Afrique et Océan Indien

Fr. A.M. Zacharie Igirukwayo, ocd

 

   Pour parler de la présence de l’Ordre en Afrique et dans les îles de l’Océan Indien, je ne peux que me référer d’abord aux chiffres qui nous indiqueront que cette partie de la planète demeure une terre des missions pour le Carmel avant d’amorcer avec vous une brève réflexion sur quelques défis.

Afrique et Océan Indien: Terre des missions pour le Carmel

Présence dans 20 pays

Sur les 53 pays et îles que compte l’Afrique, hormis les deux pays où notre présence est liée d’une manière ou d’une autre au Moyen-Orient (l’Égypte) ou à l’Espagne (Maroc), nous sommes présents dans une vingtaine de pays, soit dans moins de 40% en termes de pays. Les vingt pays où nous sommes présents sont: l’Afrique du sud, le Burkina Faso, le Burundi, le Cameroun, la République centrafricaine, le Congo Brazzaville, la Côte d’Ivoire, le Ghana, la Guinée Équatoriale, le Kenya, le Malawi, la Rép. Dém. du Congo (R.D.C. ex-Zaïre), le Nigeria, l’Ouganda, le Rwanda, le Sénégal, la Tanzanie, le Madagascar, l’île Maurice et Île de la Réunion.

Engagement missionnaire de 10 provinces

La providence a voulu que, malgré le déclin actuel généralisé des vocations dans la plupart des provinces de tradition missionnaire, outre dans les deux réalités qui dépendent directement du Définitoire (le Commissariat du Madagascar et Océan Indien et la Délégation Générale du Congo), il y ait à présent plus d’un quart des provinces et circonscriptions de l’Ordre, précisément 10, soient jusqu’à présent engagées directement dans l’implantation de l’Ordre en Afrique: Prov. anglo-irlandaise, Aragon et Valence, Avignon-Aquitaine, California, Cracovie, Gênes, Karnataka Goa, Milan, Navarre, et Washington. À elles vont toute notre reconnaissance et la gratitude de tout l’Ordre pour les sacrifices auxquels elles consentent afin de d’entretenir leur présence missionnaire du point de vue du nombre des personnes que de leur qualité de présence.

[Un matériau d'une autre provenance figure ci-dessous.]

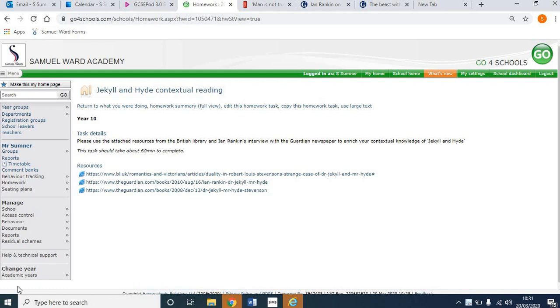Hello, wonderful Year 10 pupils. I'm just uploading this video to talk you through a Jekyll and Hyde contextual reading homework exercise.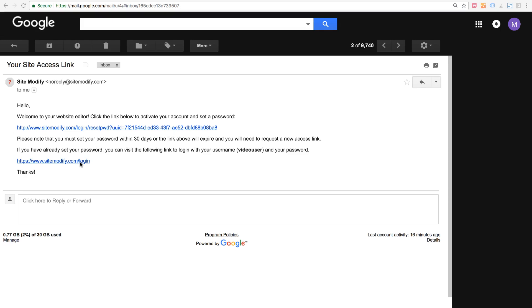So you may want to bookmark this and save it for the future if you plan to revisit the editor often. You'll also need to make note of your username. It's specified in the email. In this case my username is video user. Keep that on hand as you'll need it to log into your site.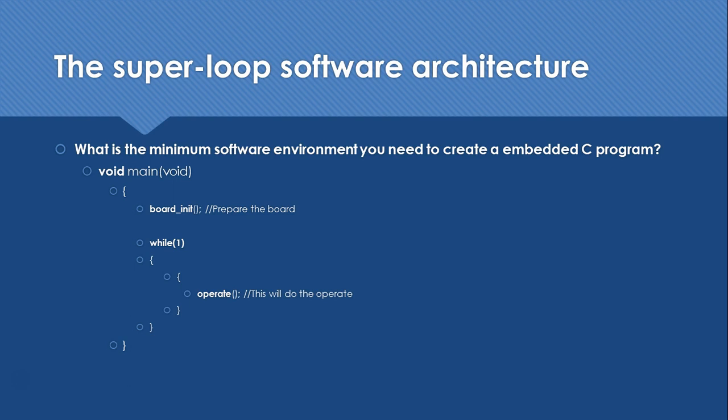We are talking about bare metal systems where our application is directly running on the microprocessor. It is not interfacing through some operating system or intermediate runtime system. We don't need to return to an operating system. We need to make it continuously running, so our application is written under a loop.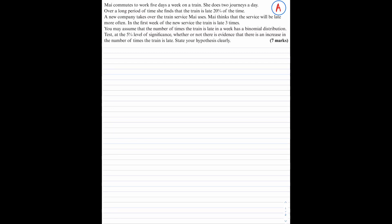Here is an A-grade question on hypothesis testing, worth 7 marks. Mai commutes to work 5 days a week on a train. She does 2 journeys a day. Over a long period of time, she finds that the train is late 20% of the time.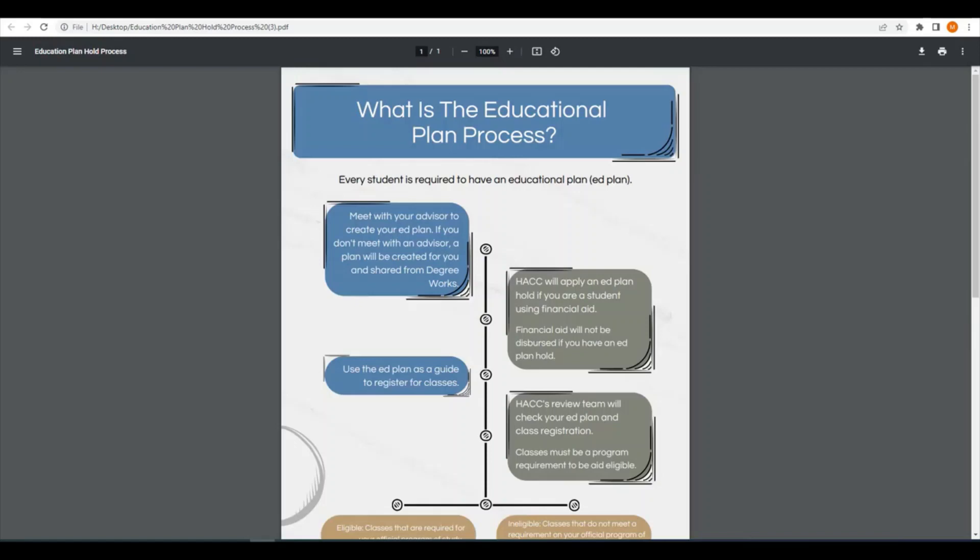Once you register for classes, we will place what's called an ed plan hold on your account. This hold will keep your financial aid from being dispersed while we review the classes you have chosen.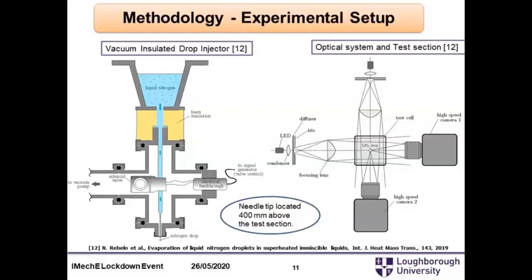With the droplet injector located directly above the test section, we have an optical system with a glass test section in the middle — a glass chamber with a high degree of parallelism so that light passes through without refracting. Two cameras are placed orthogonal to each other, with light sources also orthogonal. A collimating lens concentrates the light into the small region where the droplet will be evaporating.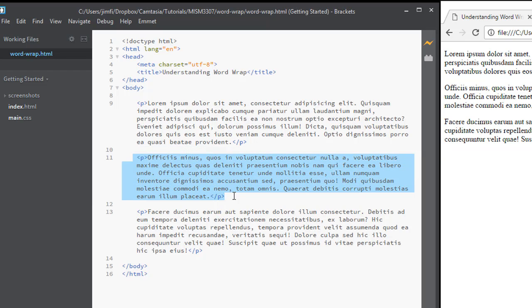That's the most important thing to remember about Word Wrap. Toggle it on, toggle it off as you feel necessary.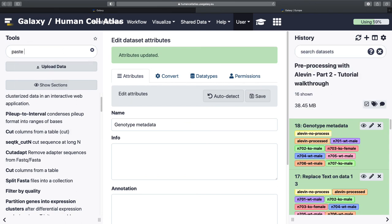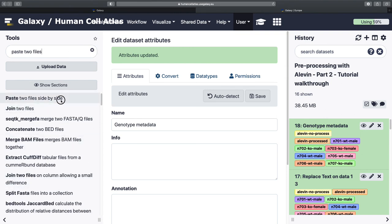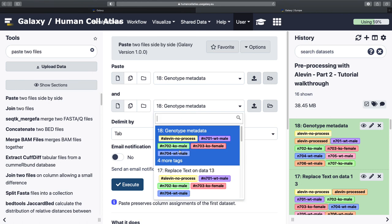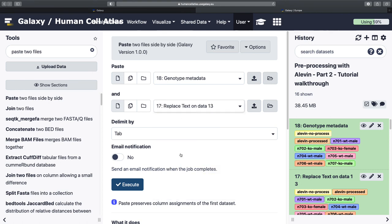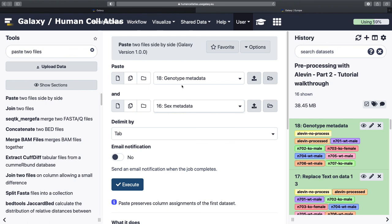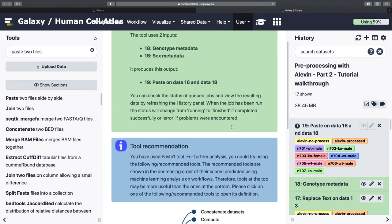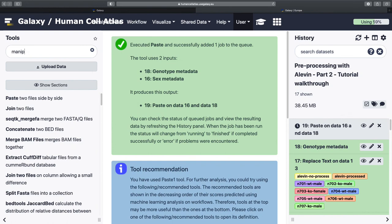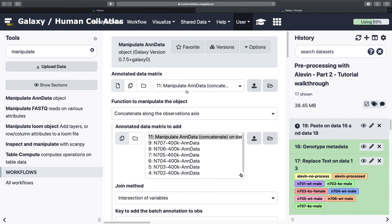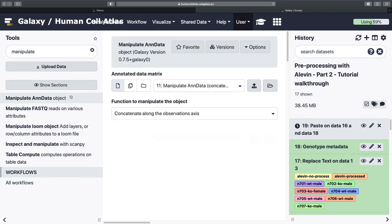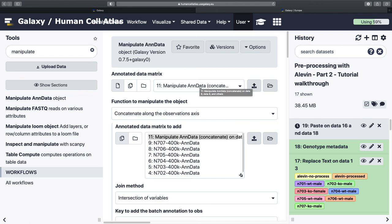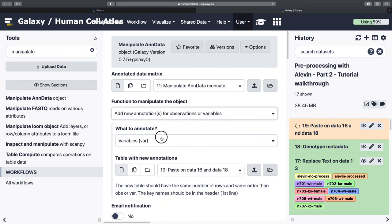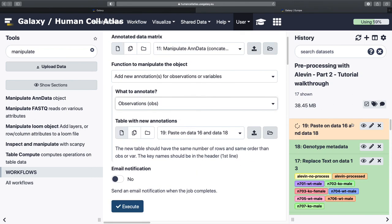And then we're going to paste two files side by side. Genotype data and sex data. Delimited by tab. Yes. I mean, you can probably skip that step and just manipulate AnnData like we're going to do in a second all at the same time. But that's how I did it the first time, so that's why I'll forever do it. In case anything goes wrong, you've at least saved yourself a little bit earlier on an easier to function step. And yeah, that looked right. And then next step, we're going to be manipulating AnnData by adding that information in.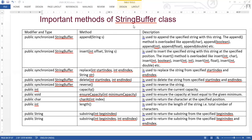Now let's look at important methods of the StringBuffer class. The first method is public synchronized StringBuffer append(String s). It is used to append the specified string with this string. The append method is overloaded — there are versions like append(char), append(boolean), append(int), append(float), append(double), etc.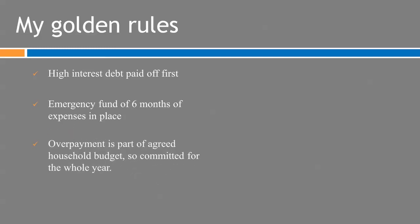And I've actually agreed the overpayment as part of our household budget so both myself my wife we are committed to this overpayment for the whole budget year and then each year we review that situation and tweak the amount of overpayment assuming that that the budget can afford that.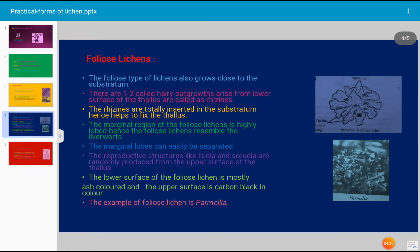Another form of lichen is the foliose lichen. Foliose means leaf-like. This type of lichen also grows close to the substratum, but the border is foliaceous or leaf-like and somewhat separable. There are one to two cell hairy outgrowths arising from the lower surface of the thallus called rhizines, which penetrate into the substratum and help in fixation of the thallus. The marginal region of foliose lichen is highly lobed.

Besoin de renforcement des fondations existantes et d’ouverture d’autres

Nonobstant la présence dans 20 pays et l’engagement de dix provinces, le besoin d’expansion de l’Ordre en cette partie du globe est encore actuel.

1. Selon les données statistiques disponibles en 2004, l’Afrique et Madagascar comptent 321 religieux sur un total de 4035. En même temps, la population de l’Afrique représente environ 13, 56 % de la population du globe, 1% plus que l’Europe et seulement quelques dixièmes de moins que les Amériques. Donc, le Carmel n’est représenté que dans les proportions d’un peu moins de 8% ; un manque à gagner d’environ 5,6 %. Proportionnellement, il aurait fallu un total de 547 religieux. Du point de vue numérique, vu le nombre croissant des vocations dans les pays où l’on est implanté, l’Afrique et Madagascar constituent davantage un lieu d’espérance que de la réalité actuelle effective de la présence carmélitaine.

2. En plus, même dans les 20 pays où le Carmel est présent, nous ne respirons pas encore partout avec les deux poumons comme l’aurait souhaité Notre Mère Sainte Thérèse. Dans deux pays sur 20, il n’y a pas encore de moniales: le Burundi et la République centrafricaine. Et dans deux sur 20 pays encore, les moniales sont présentes, mais les frères sont encore attendus: le Ghana et la Guinée Équatoriale.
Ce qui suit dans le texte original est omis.